◆ To do ◆
Return the lines of the listing below exactly as they appear, beginning at the one with "Беспроводная клавиатура Satechi" and stopping after the one with "Athearn 92057 HO"; do not include pictures.

◆ Source information ◆

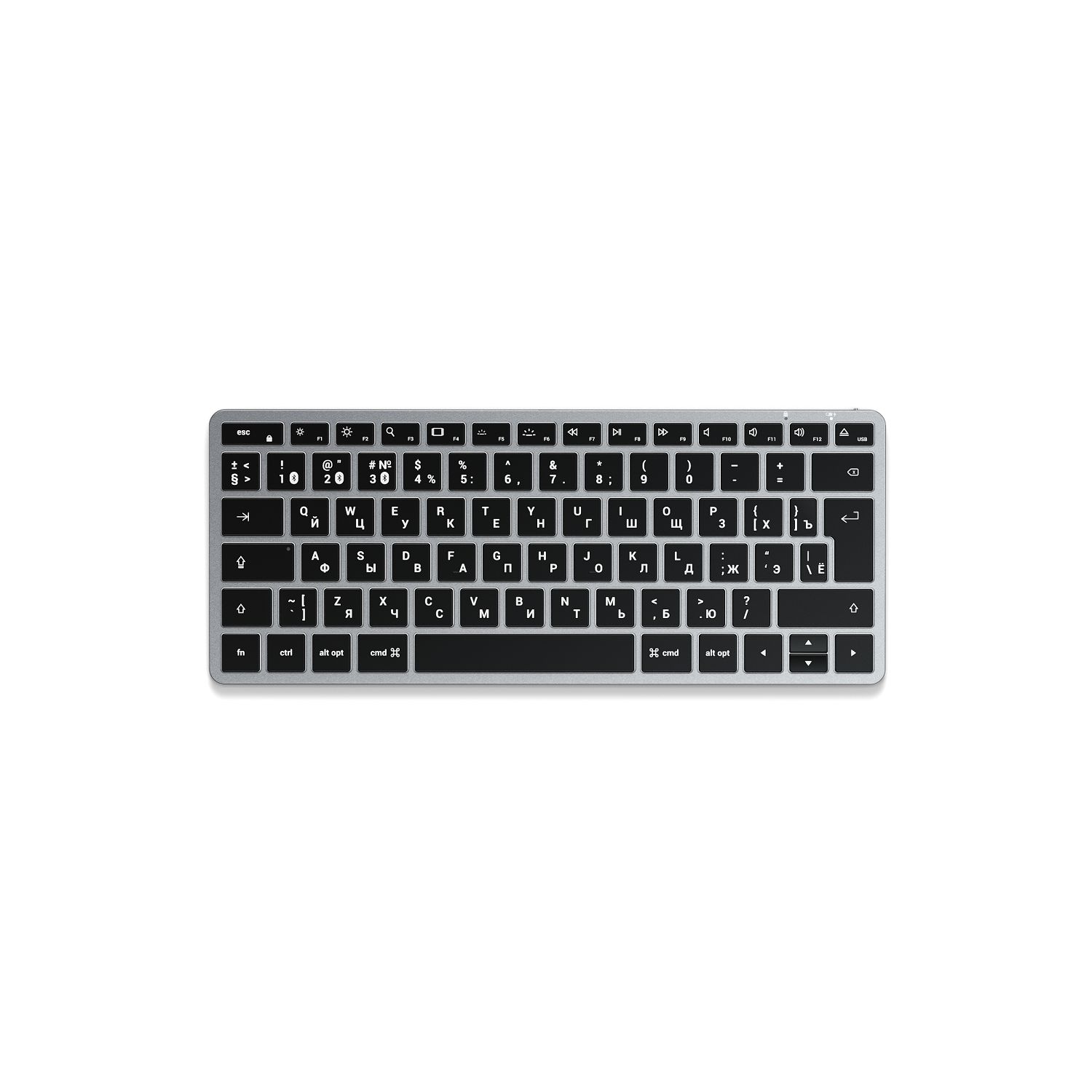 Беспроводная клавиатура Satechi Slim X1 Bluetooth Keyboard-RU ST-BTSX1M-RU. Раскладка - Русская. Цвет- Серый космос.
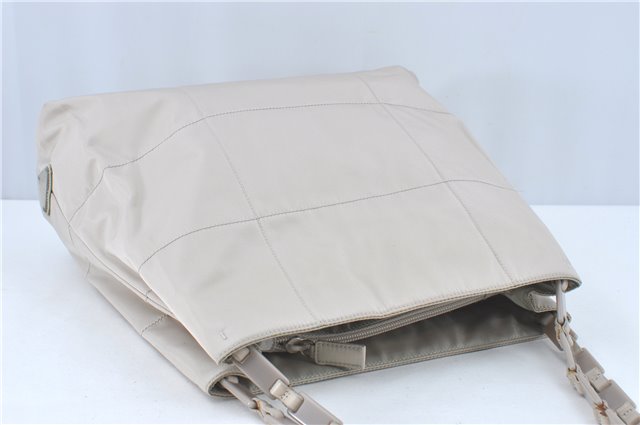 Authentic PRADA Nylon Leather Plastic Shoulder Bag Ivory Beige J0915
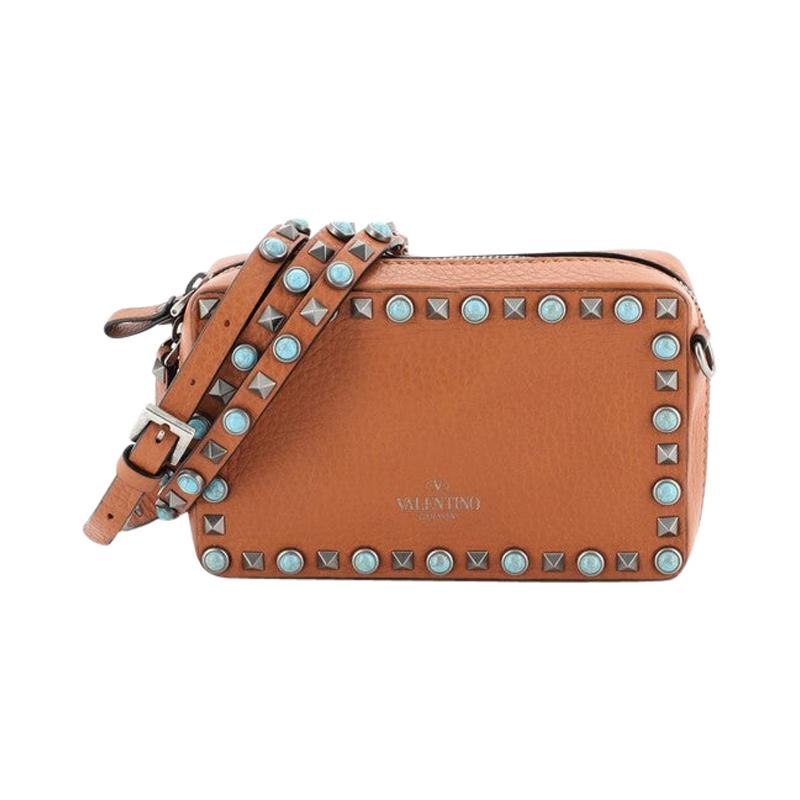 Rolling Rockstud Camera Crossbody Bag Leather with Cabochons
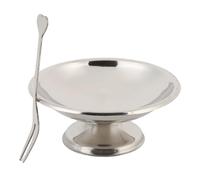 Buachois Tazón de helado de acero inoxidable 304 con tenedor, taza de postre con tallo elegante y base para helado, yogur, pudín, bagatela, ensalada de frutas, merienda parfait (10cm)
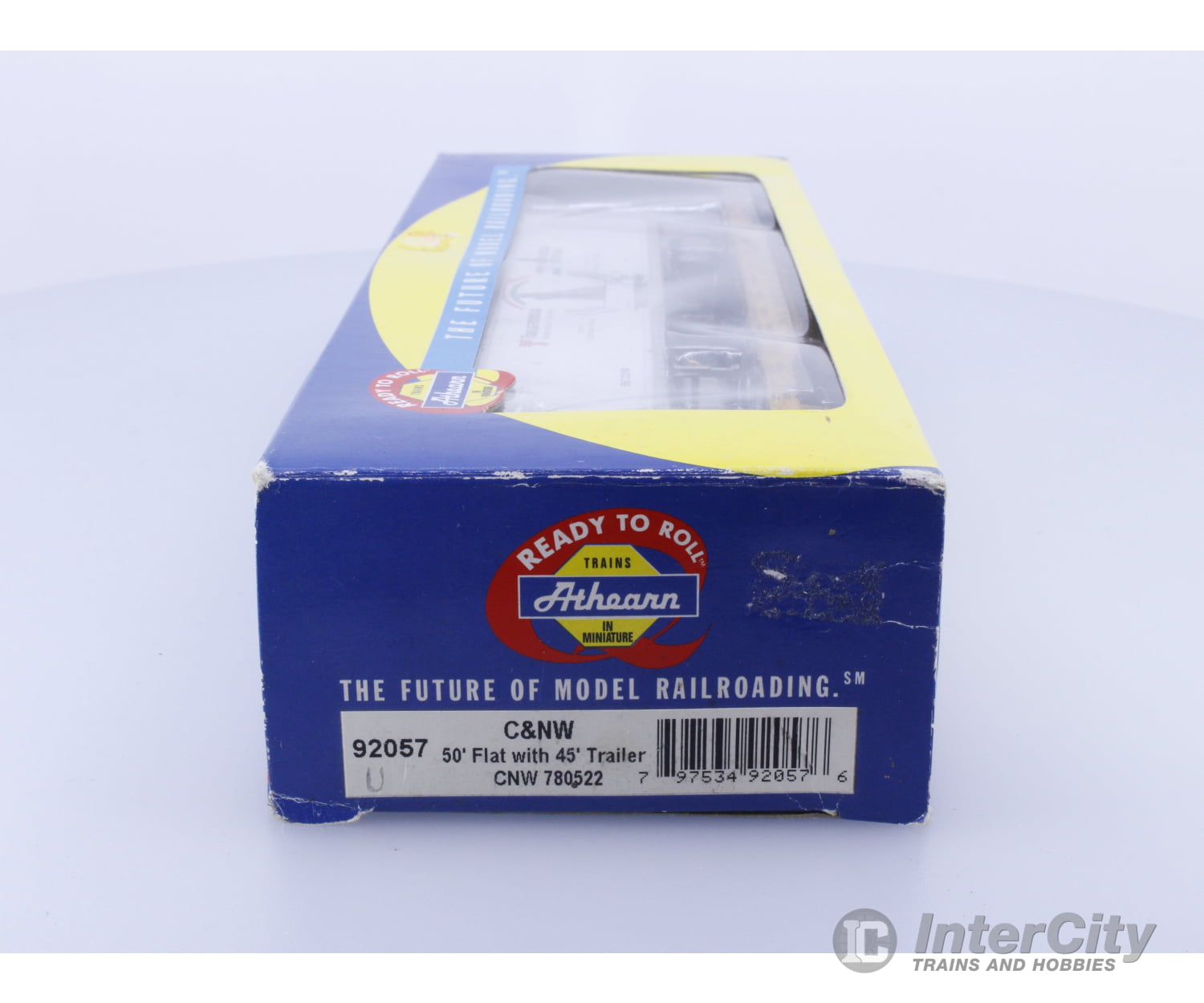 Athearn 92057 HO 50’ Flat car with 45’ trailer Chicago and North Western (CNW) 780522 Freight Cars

==

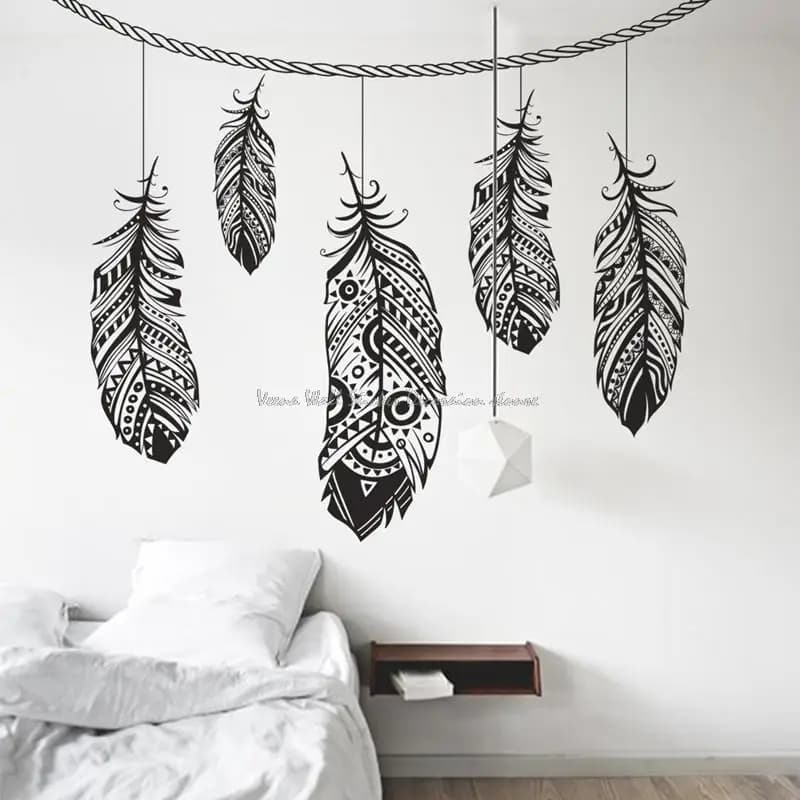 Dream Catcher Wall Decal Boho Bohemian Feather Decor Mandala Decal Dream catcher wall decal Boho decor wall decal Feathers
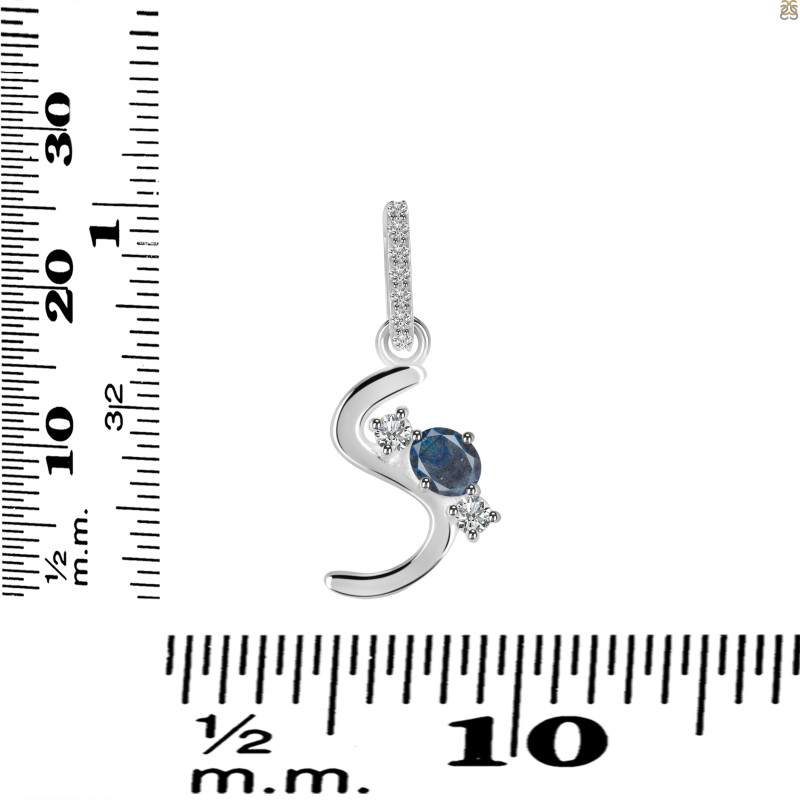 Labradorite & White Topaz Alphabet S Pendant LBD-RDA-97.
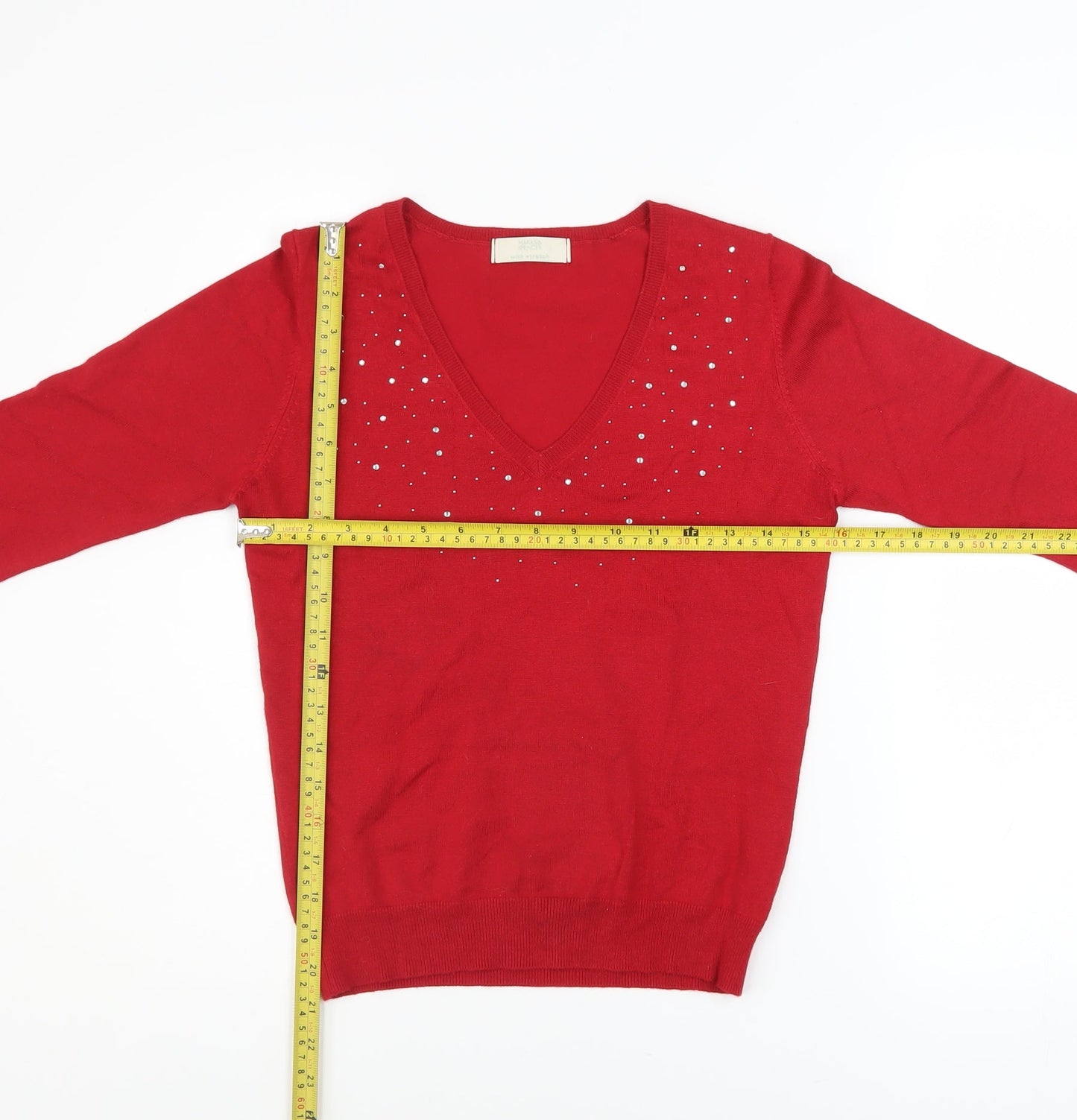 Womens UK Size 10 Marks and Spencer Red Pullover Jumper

◆ Task answer ◆
 Беспроводная клавиатура Satechi Slim X1 Bluetooth Keyboard-RU ST-BTSX1M-RU. Раскладка - Русская. Цвет- Серый космос.
 Authentic PRADA Nylon Leather Plastic Shoulder Bag Ivory Beige J0915
 Rolling Rockstud Camera Crossbody Bag Leather with Cabochons
 Buachois Tazón de helado de acero inoxidable 304 con tenedor, taza de postre con tallo elegante y base para helado, yogur, pudín, bagatela, ensalada de frutas, merienda parfait (10cm)
 Athearn 92057 HO 50’ Flat car with 45’ trailer Chicago and North Western (CNW) 780522 Freight Cars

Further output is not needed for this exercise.